Although books are far more memorable than textbooks, no one would claim that the whole point of reading is to improve your memory for facts. That would be ridiculous.

We read because reading is enjoyable!

  • I would rather read something to my boys that makes them guffaw and cheer, than something they listen to more passively.
  • I would rather read something that makes my eyes prickle and my voice break because of the beauty of the language and the scene, rather than some factual report.

You Have a Choice. Choose the Most Enjoyable.

This, to me, is such an obvious benefit, I initially overlooked it, even as you probably don’t think of the deliciousness of water until you are thirsty. If you could choose between an enjoyable way to study, or a boring one, why not choose the enjoyable?

In a world of worksheets and textbooks, in a world of digital techno wizardry, we can remain connected to stories by choosing an enjoyable, literature-rich homeschool curriculum.

Even if textbooks were equally good as real books in order to learn (which they’re not), wouldn’t it make sense to choose the more enjoyable?

Great books are enjoyable. Homeschooling with great books is the most enjoyable way to homeschool.

Learning doesn’t have to be unpleasant. At times it might be hard work, but it doesn’t have to be boring.

These days, there are so many options for schooling and entertainment. Reading is not quite dead, but with the rise of television and video games, organized sports and social media, books seem a bit retro.

Learn to Enjoy Reading by Reading Great Books

And let me add: if this message isn’t resonating with you, it is possible that you have never read a good book. It happens. That doesn’t mean a literature-rich program won’t work for you.

Some children come to Sonlight in mid-elementary school. They hate books and they hate reading. But by mid-year, most of these reluctant readers have had that transformational moment where they must know what happens next! And then they’re hooked.

If you’re not hooked on reading, you might just need to read the right books.
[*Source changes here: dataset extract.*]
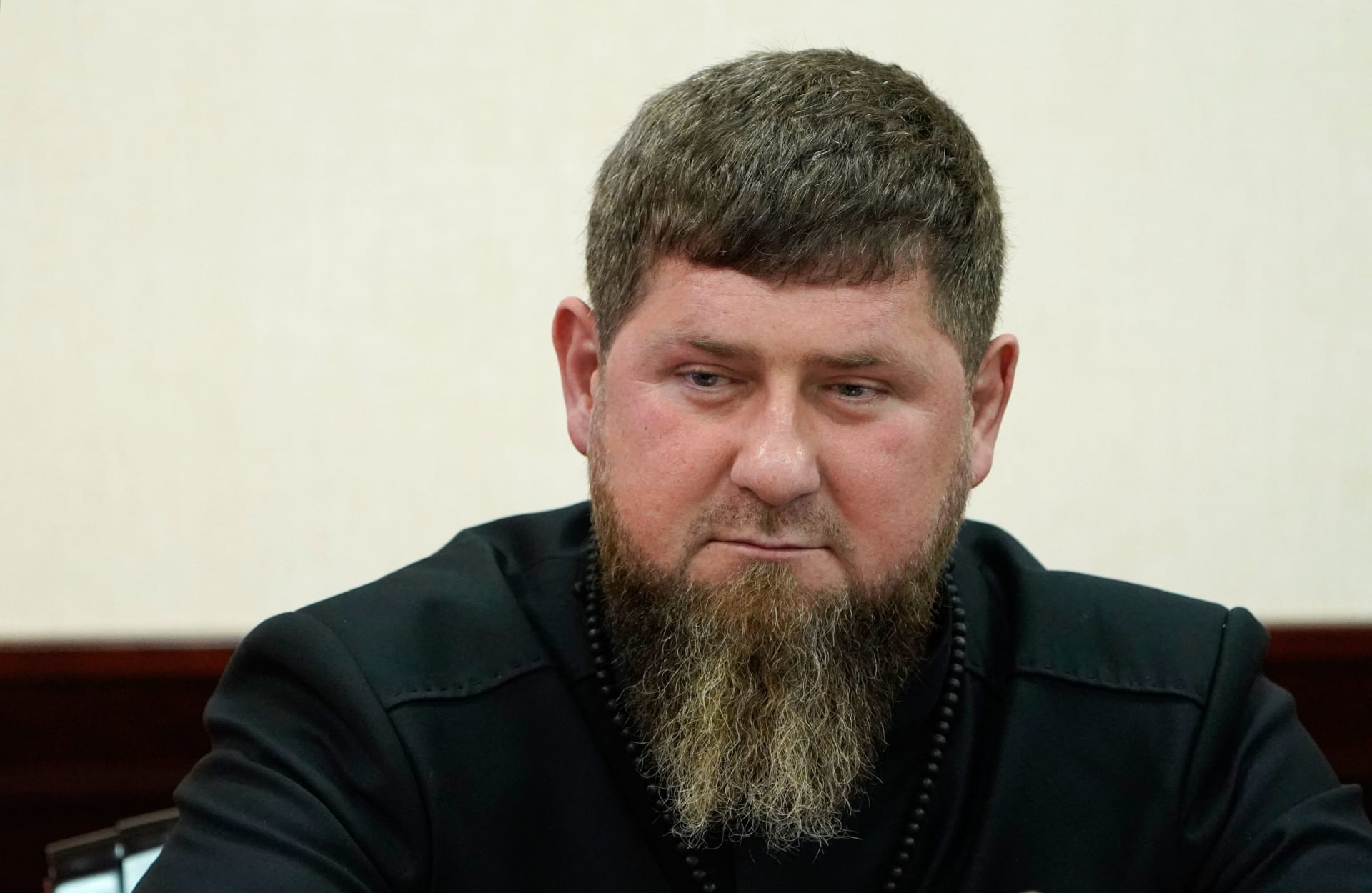 الكرملين يرد على تكهنات بشأن صحة الزعيم الشيشاني رمضان قديروف واجتماعه مع بوتين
And then see what a joy learning can be.

Unlike, say, math workbooks that are designed for a specific grade, real books delight and teach a range of ages. I like how C.S. Lewis puts it:

No book is really worth reading at the age of ten which is not equally—and often far more—worth reading at the age of fifty and beyond.

And because the books inform and instruct a range of ages, you can combine a couple of children into one program, if you want. (Add on age-appropriate subject materials, like spelling, math, and reading instruction, for each child to use independently.)

The Most Enjoyable for Parents, Too

But possibly the best benefit, at least from the teacher’s perspective? Literature-rich education is the most enjoyable way to homeschool for us parents, too. As a parent, I eagerly look forward to reading my favorite childhood books to my children:

  • Books that don’t hit us over the head with moralizing, but offer real people who deal with real, and challenging, scenarios.
  • Books that make us laugh, and love this beautiful world.
  • Books that make us cry, and grieve for this broken world.
  • Books that don’t overwhelm with darkness, but also don’t pretend darkness doesn’t exist.
  • Books that maybe don’t have the best cover but hold hidden gems, like Red Sails to Capri and Shadow Spinner.
  • Books that maybe aren’t cheerful to read, but lead to rich conversations.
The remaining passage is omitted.